Lake Region Conference Youth Director, Abraham Henry and Lake Region Pathfinder Coordinator, Eric Jean-Baptiste created the Club Ministries Academy (CMA) with the intention of teaching honors to 50 Pathfinders. But by the first week they noticed that they were on to something. “We started seeing the numbers and how many people were in the webinars,” Jean-Baptiste remembers.
Since CMA’s launch on March 28, they have hosted 60 classes for more than 15,000 participants in 28 countries; including Antigua, Mexico, Nigeria, United Arab Emirates, Haiti, Indonesia, Australia, and more.
“What we’ve provided is literally being able to bless people around the world because there are some people who can’t do certain activities in certain countries,” says Henry. “Now because of the online education that we’ve provided instead of them coming to visit a specific location we now bring it to their living room.”
For the first several months, classes were taught five days a week.

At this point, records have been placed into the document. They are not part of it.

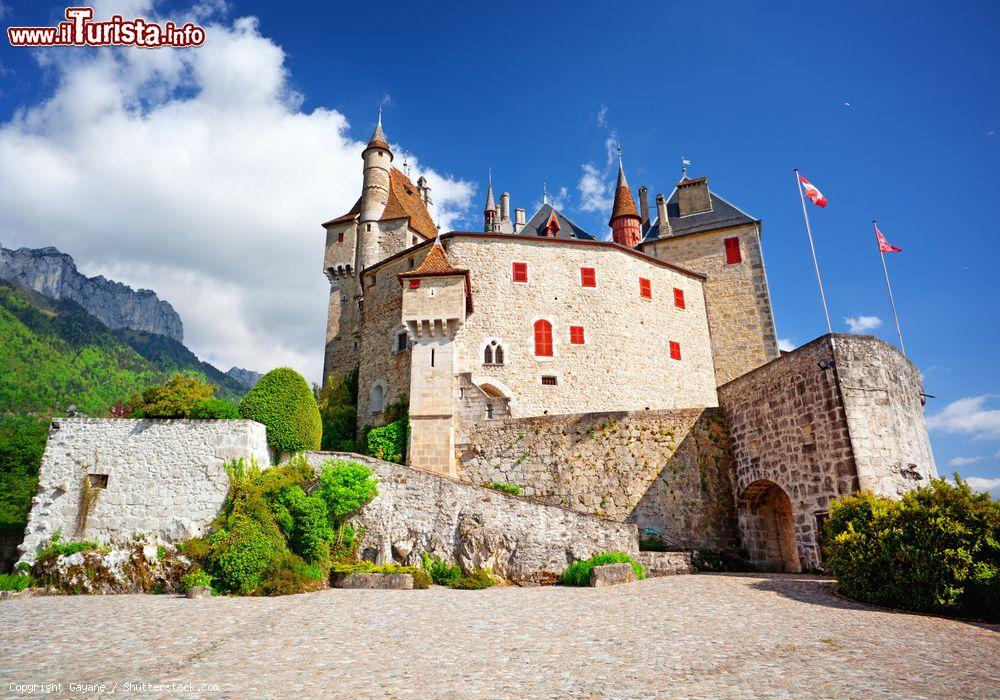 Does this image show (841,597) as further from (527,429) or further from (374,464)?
(374,464)

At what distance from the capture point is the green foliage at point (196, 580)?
36.8 ft

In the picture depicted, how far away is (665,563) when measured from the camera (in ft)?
46.1

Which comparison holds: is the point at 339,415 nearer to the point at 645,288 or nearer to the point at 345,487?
the point at 345,487

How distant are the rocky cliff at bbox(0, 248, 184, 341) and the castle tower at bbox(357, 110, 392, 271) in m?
90.8

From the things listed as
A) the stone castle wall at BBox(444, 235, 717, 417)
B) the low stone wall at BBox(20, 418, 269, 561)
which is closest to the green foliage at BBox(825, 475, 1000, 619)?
the stone castle wall at BBox(444, 235, 717, 417)

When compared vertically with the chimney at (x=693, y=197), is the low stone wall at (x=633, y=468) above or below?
below

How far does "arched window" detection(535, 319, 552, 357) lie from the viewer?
77.6ft

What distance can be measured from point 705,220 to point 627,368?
1315cm

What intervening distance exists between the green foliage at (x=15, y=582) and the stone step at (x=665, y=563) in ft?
46.5

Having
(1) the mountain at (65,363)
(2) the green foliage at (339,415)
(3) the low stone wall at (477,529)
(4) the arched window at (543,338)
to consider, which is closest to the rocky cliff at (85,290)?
(1) the mountain at (65,363)

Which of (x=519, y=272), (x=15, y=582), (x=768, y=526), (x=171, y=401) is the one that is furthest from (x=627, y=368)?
(x=15, y=582)

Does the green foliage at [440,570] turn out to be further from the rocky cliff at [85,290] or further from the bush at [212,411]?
the rocky cliff at [85,290]

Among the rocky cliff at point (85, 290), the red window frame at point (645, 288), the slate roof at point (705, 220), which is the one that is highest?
the rocky cliff at point (85, 290)

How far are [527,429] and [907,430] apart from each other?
10551 mm
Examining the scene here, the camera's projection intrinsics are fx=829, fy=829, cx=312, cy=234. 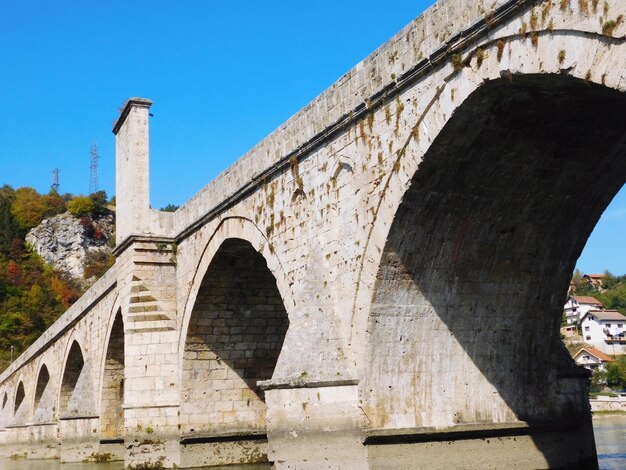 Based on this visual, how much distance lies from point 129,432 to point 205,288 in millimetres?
2936

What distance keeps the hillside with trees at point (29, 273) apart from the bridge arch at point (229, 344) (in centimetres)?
3807

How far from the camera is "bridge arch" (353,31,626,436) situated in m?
7.68

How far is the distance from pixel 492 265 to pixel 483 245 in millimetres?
323

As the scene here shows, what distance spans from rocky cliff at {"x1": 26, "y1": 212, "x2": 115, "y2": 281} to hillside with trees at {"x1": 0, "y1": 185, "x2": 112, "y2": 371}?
0.58 meters

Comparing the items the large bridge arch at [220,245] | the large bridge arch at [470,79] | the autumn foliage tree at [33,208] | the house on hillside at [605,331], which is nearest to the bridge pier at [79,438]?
the large bridge arch at [220,245]

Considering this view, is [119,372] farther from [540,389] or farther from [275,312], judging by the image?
[540,389]

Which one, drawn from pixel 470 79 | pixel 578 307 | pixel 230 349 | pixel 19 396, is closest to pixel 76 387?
pixel 230 349

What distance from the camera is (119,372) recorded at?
2155 centimetres

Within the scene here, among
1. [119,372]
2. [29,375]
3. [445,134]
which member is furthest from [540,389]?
[29,375]

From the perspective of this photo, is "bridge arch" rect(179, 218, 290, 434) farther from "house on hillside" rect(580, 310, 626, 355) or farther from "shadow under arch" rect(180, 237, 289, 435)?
"house on hillside" rect(580, 310, 626, 355)

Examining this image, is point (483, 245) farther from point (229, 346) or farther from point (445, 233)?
point (229, 346)

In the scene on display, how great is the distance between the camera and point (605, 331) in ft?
240

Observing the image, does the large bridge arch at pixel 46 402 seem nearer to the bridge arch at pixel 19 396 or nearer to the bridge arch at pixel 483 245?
the bridge arch at pixel 19 396

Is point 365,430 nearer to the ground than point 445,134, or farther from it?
nearer to the ground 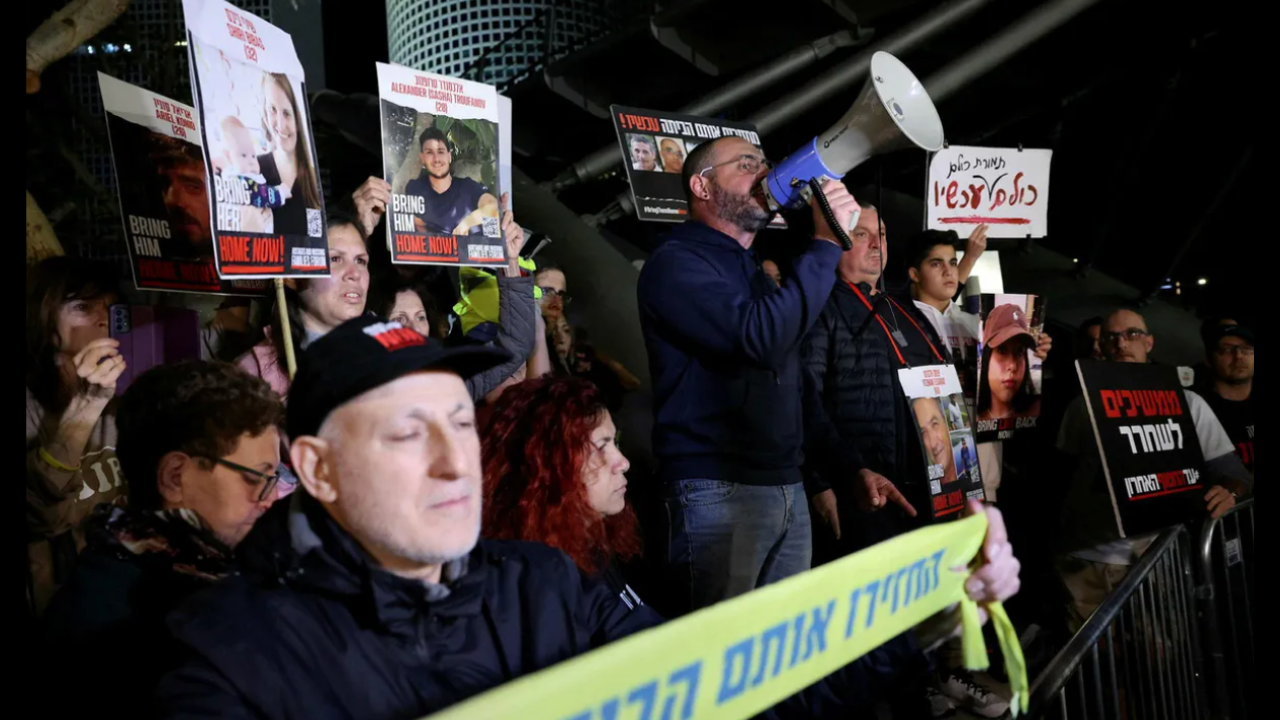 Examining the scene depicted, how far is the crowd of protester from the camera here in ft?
4.96

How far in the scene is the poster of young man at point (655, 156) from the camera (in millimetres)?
4730

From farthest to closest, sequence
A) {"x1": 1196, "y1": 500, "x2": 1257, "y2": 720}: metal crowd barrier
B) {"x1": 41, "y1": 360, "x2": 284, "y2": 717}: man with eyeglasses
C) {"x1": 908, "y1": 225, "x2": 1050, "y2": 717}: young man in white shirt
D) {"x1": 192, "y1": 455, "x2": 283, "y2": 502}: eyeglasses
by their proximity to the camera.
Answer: {"x1": 908, "y1": 225, "x2": 1050, "y2": 717}: young man in white shirt → {"x1": 1196, "y1": 500, "x2": 1257, "y2": 720}: metal crowd barrier → {"x1": 192, "y1": 455, "x2": 283, "y2": 502}: eyeglasses → {"x1": 41, "y1": 360, "x2": 284, "y2": 717}: man with eyeglasses

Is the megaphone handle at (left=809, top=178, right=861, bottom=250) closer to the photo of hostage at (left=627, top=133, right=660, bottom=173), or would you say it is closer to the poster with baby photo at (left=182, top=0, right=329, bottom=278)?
the poster with baby photo at (left=182, top=0, right=329, bottom=278)

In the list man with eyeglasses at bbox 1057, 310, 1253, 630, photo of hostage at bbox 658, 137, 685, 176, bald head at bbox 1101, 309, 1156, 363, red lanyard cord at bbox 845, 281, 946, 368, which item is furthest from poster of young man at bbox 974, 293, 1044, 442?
photo of hostage at bbox 658, 137, 685, 176

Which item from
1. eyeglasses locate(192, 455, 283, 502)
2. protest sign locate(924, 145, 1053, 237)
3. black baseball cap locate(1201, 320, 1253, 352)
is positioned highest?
protest sign locate(924, 145, 1053, 237)

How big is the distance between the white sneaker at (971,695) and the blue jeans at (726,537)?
151 cm

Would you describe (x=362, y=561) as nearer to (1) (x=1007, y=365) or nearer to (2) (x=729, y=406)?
(2) (x=729, y=406)

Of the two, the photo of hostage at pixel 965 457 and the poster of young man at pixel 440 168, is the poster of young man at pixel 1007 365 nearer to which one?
the photo of hostage at pixel 965 457

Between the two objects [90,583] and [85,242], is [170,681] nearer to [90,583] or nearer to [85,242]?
[90,583]

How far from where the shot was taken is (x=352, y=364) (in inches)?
60.0

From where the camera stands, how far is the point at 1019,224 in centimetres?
604

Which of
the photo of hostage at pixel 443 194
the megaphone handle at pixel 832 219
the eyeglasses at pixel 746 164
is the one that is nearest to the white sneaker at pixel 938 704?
the megaphone handle at pixel 832 219

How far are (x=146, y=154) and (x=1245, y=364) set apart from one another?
4786 mm

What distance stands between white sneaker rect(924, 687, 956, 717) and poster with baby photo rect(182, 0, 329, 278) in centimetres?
273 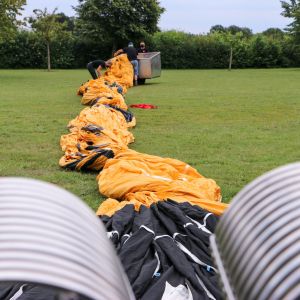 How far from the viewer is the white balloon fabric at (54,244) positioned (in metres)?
1.61

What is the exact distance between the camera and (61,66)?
43562 mm

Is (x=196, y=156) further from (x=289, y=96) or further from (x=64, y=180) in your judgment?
(x=289, y=96)

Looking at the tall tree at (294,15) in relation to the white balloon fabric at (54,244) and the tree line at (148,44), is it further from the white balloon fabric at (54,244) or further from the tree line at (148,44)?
the white balloon fabric at (54,244)

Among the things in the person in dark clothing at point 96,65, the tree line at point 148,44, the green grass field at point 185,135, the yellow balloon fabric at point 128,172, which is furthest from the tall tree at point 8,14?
the yellow balloon fabric at point 128,172

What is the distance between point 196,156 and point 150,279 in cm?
437

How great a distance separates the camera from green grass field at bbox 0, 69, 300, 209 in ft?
22.6

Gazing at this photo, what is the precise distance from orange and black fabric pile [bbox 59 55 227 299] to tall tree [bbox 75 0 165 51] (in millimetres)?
38609

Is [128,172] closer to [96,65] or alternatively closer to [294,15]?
[96,65]

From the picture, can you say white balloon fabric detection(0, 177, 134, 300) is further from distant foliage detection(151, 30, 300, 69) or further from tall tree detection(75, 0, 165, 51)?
tall tree detection(75, 0, 165, 51)

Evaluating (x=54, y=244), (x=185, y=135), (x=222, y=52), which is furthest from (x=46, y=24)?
(x=54, y=244)

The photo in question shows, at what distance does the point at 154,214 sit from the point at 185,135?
4982 mm

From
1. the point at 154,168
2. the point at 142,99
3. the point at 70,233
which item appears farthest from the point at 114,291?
the point at 142,99

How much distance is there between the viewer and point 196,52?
44750mm

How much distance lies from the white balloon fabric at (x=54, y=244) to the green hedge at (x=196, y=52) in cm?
4244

The top three classes were Social Media with 486 participants, followed by Artificial Intelligence attracting 429, and Brain and Behavior with 427 people.
Among the other honors taught were: Tents, Quilt-making, Knot-tying, Microscopic Life, Weather, Flags, Disciples and Apostles, Food-freezing, Journalism, Pizza-making.
Surprisingly, Henry has noticed a steady number of non-Pathfinders taking advantage of the free classes. “We do have some youth that are not part of Club Ministries who simply just come and watch, come and learn the life skills because we don’t like to turn young people away,” Henry says.
There’s a mixture of Pathfinders and professionals teaching the online classes including college professors, nurses, doctors, pastors, podcasters, social media influencers, journalists, and more.
One of Henry’s biggest concern was to not make the class easier because it’s online. “There’s a myth that often goes on, and this is the same thing with online education – that online makes it easier,” says Henry. “I always say it is Club Ministries Academy’s goal that we don’t make Pathfinders easier. We just want to make Pathfinders ministry more accessible.”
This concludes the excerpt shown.